George Clooney y lo malo de la fama
El actor George Clooney tiene un problema. Mucha gente que se le acerca, en lugar de saludarlo y darle un apretón de manos, saca su celular y se pone a filmarlo. “Hemos dejado de vivir nuestras vidas”, dijo alguna vez, “y ahora solo la estamos grabando en nuestros teléfonos.”
Le pasa muy seguido. En una cena de recaudación de fondos con el presidente Barack Obama, me cuenta, quedaron rodeados de gente tomando fotos y video. “Puedes decir que filmaste al presidente de Estados Unidos pero no puedes decir que lo conociste”, me dijo. “Y lo entiendo. No me estoy quejando. Así es este mundo. Pero es triste por todo lo que nos estamos perdiendo.”
Ahí estaba, frente a mí, uno de los hombres más fotografiados del mundo. He entrevistado a decenas de presidentes y líderes mundiales pero nunca a alguien tan famoso como Clooney.
Sin embargo -como siempre ocurre con los que no tienen nada más que probar- su actitud era muy amable y sencilla, bromeando y saludando a todos. Sin corbata y con jeans, se puso un saco gris solo para darle un poco de importancia a la película que estaba promoviendo -Tomorrowland. Tenía 12 minutos exactos de entrevista. Ni un minuto más. Pero él parecía andar sin prisa. Cruzó la pierna y se puso a platicar.
Clooney cree que la fama es cuestión de suerte. “Yo ya llevaba 15 años trabajando cuando me ofrecieron trabajar en el programa de televisión ‘E.R.’”, me contó. “Pero si ‘E.R.’ (donde protagonizaba a un doctor) hubiera sido transmitido los viernes en lugar de los jueves, no hubiera sido el éxito que fue. Esa es la importancia que tiene la suerte.” Es ese tipo de explicaciones que hacen de Clooney una rareza entre las estrellas de Hollywood: uno de los tipos más famosos del mundo dice que eso fue suerte.

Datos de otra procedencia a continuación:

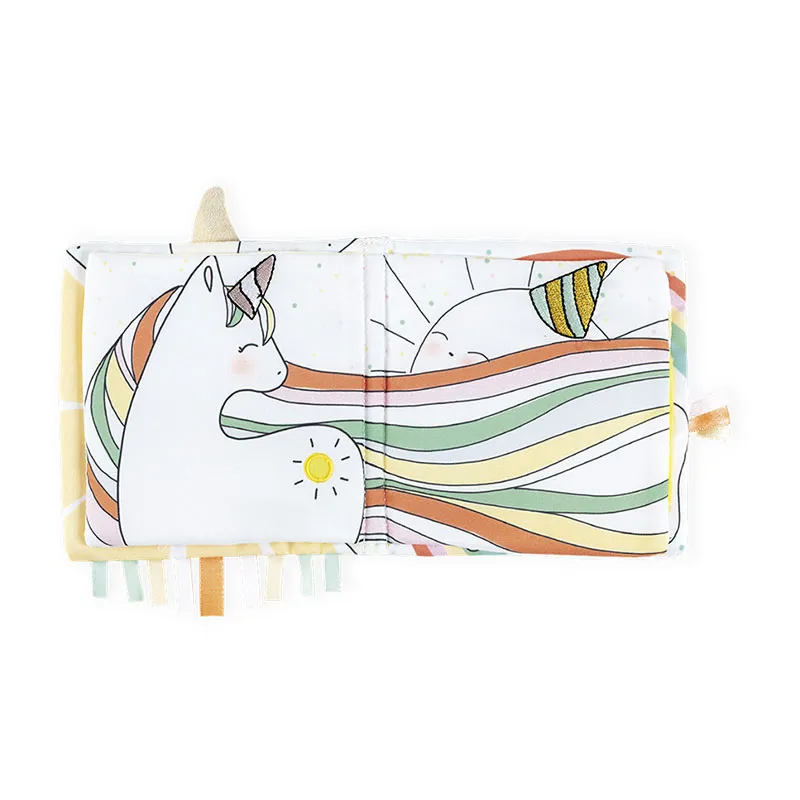Livre d'éveil tissu La licorne joyeuse - 0m+-3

Pero el actor, productor, director y ganador de dos Oscares -protagonista de más de una veintena de películas, incluyendo Gravity y The Perfect Storm- sabe cómo usar su fama, venga de donde venga. Durante años ha luchado por atraer la atención mundial al genocidio en la región de Darfur en Sudán y nunca se ha disculpado por apoyar abiertamente las candidaturas presidenciales de Barack Obama y, ahora, la de Hillary Clinton.

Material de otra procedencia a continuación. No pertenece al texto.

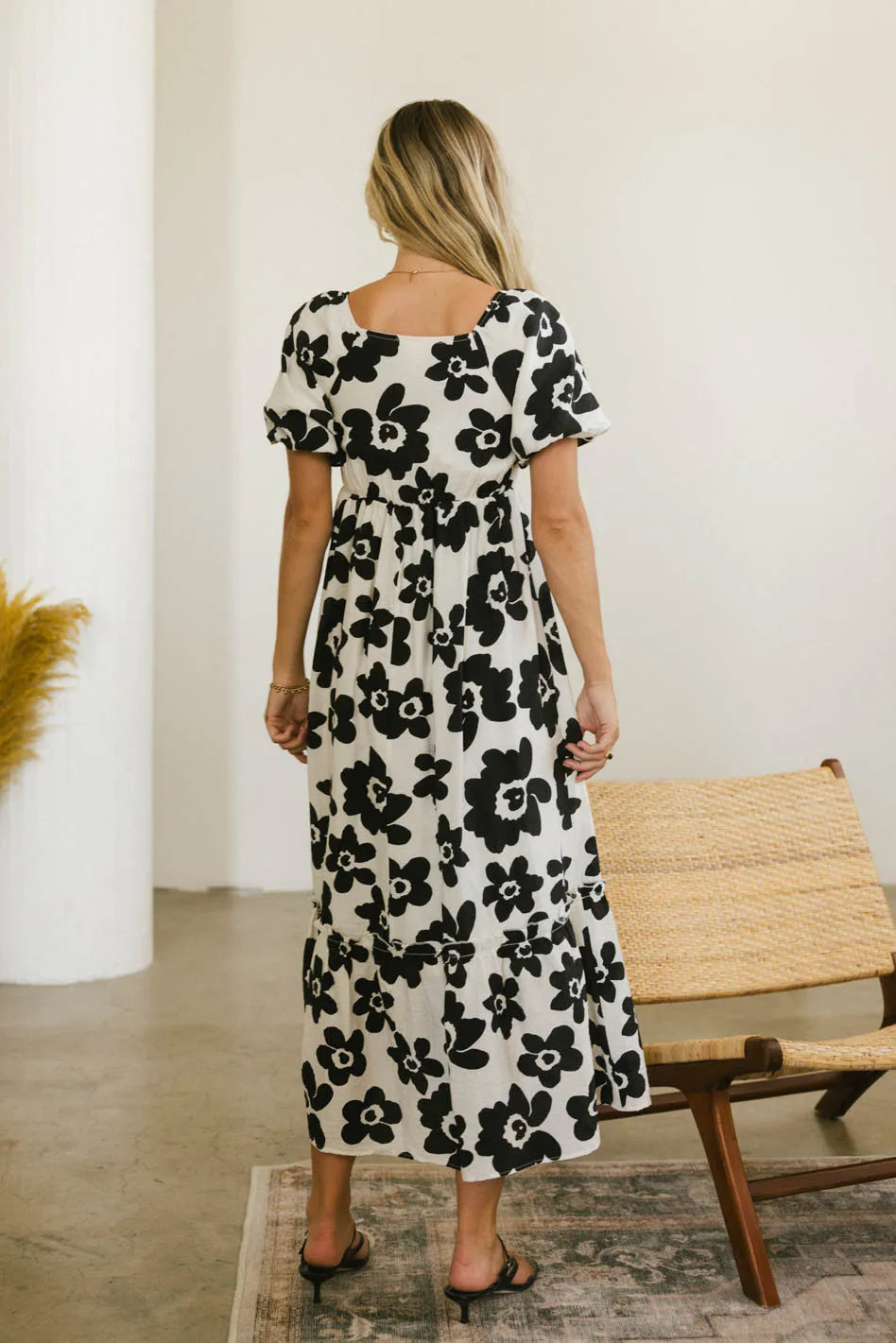 bohme lia floral midi dress Lia Floral Midi Dress in Sage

Le recordé que en el 2008 él había dicho que Hillary “era una de las figuras más divisivas de la política norteamericana.” Y lo reconoció. “Pero creo que con el tiempo ha dejado de serlo porque fue una…increíblemente exitosa Secretaria de Estado.” Y luego continuó. “Así que creo que ahora ya está lista para ser presidenta.”
A Clooney no le gusta pelearse y mucho menos en público. Casi nunca responde a críticas en la prensa. Pero la excepción fue cuando una publicación británica habló de su entonces prometida (y hoy esposa) Amal Alamuddin. El respondió con una fuerte columna en el diario USA Today.

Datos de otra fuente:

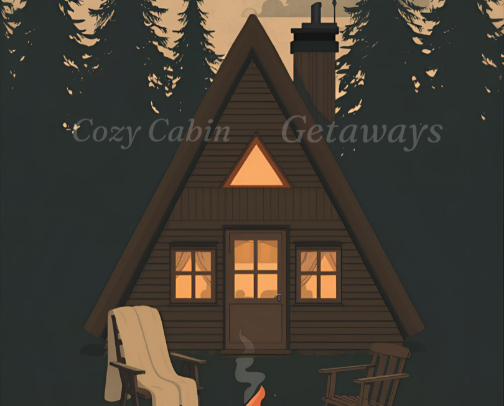 Cozy Cabin Getaways cover photo collage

“Ellos estaban tratando de fomentar el odio religioso al decir que mi esposa es Drusa -y ella no lo es-“, me explicó. “Y debido a que ella se iba a casa con alguien fuera de su religión, dijeron que los Drusos estaba dispuestos a ejecutar a mi prometida -matar a mi esposa. Bueno, eso no es cierto.” Y lo dijo.
Este tipo de confrontaciones casi no ocurren en el mundo de George Clooney. Al contrario, él cree que es una virtud cuando los actores no son tan accesibles -“unavailable” en inglés- al público. Por eso no tiene Twitter, Facebook o Instagram.
“Si le vas a pedir a la gente que pague dinero para que te vaya a ver en una película, ellos no tienen por qué saber lo que estás pensando todo el tiempo”, me dijo, “creo que tiene que haber un elemento de misterio.”
Es precisamente ese misterio lo que hace que, cuando la gente ve a George Clooney en persona, se le lancen a filmarlo en lugar de entablar una conversación con él. Es, sin duda, lo malo de la fama.